Half of the blame falls squarely on the CISO's shoulders, but only 27% of respondents said the security executive is "most responsible for cybersecurity policy and technology decision-making," according to the report.
One-quarter of respondents said the CIO or CTO carry the burden of security decision-making. "There is an oxymoron there" because only one of the executives is expected to take the heat of a breach, said Scott.
Less than 1% of CISOs are actually fired due to a breach, according to an IDC study. Twelve percent of CISOs who oversaw a breach feel the incident would cause them to let go.
"There's no template or timeline with regard to changes in an organization's structuring post breach," said Scott. "I believe that organizations that suffered a breach need to reflect on the processes, practices as well as culture that led them to the incident … Some organizations do this, some don't."
77%: Data breach expenses incurred within the first year of discovery
Less-regulated industries, including retail and media organizations, pay 77% of breach-related expenses in the first year. But those in highly-regulated fields, such as health, education or pharmaceuticals, paid 44% of their costs in the first year.

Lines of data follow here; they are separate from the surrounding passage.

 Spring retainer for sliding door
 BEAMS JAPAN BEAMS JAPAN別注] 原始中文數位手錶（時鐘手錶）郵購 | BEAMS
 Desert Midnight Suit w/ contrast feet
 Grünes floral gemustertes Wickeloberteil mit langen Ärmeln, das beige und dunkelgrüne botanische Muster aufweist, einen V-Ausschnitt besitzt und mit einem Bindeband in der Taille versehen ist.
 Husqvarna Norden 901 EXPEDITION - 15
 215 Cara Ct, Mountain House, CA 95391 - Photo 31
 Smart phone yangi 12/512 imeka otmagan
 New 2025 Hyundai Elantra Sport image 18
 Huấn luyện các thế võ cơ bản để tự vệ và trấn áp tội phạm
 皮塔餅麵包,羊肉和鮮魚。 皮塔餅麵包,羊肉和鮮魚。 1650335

"I've been doing this for 20 years, and 20 years ago, there was not a lot of regulation. Only the most sophisticated, most highly funded organizations are capable of really thinking about information security," because their resources and compliance force them to, Andy Riley, executive director of security strategy at Nuspire, told CIO Dive.
IBM analyzed the "longtail costs" of 101 companies that "captured two or more years of data breach costs" and found the first year of a breach accounted for 61% of data breach costs in 2020.
The report concluded lingering legal and regulatory costs lead to a longer tail of breach-related expenses for heavily regulated industries.
"Even today some healthcare providers are still pretty unaware of what the requirements are under HIPAA and fly under the radar, which is pretty shocking," said Riley. However, new regulations, including the California Consumer Privacy Act, upped the ante of penalties, and "raised the consciousness of information security."
280 days: Average time to detect and contain a breach
How long it takes a breached company to respond to an incident depends on its industry, degree of regulation, geography and security capability. Costs are lower among companies with more mature security solutions, including automation and incident response processes.
"The breach cost difference between companies that are all-in on security automation, and those that have yet to deploy it is $3.58 million," which continues to grow by millions annually, said Scott.
It takes companies 315 days to detect and contain breaches rooted in malicious attacks. If a company can respond to a breach in less than 200 days, they stand to save up to $1.1 million, compared to those which take more than 200 days.
"We can't determine based off the report's findings the frequency by which companies struggle to overcome breach costs," said Scott. However, the report indicates that "slowly but steadily" more companies have fully deployed security automation.
76%: Organizations that predict breach response will take longer because of remote work
Organizations expect the "lifecycle" of a breach to extend due to a distributed workforce.
"The saying 'time is money' applies here," said Scott.
Because organizations were accustomed to monitoring security at the edge, a remote workforce turned security on its head. "Data is moving through less controlled environments today," said Scott.
Unregulated data movement requires visibility. Companies should be asking whether their security organization has cloud-based visibility services or if employees have guidelines on how to safeguard sensitive data in remote environments.
"Remote work models can create many new security blind spots if an organization doesn't put the necessary technologies and controls in place," he said.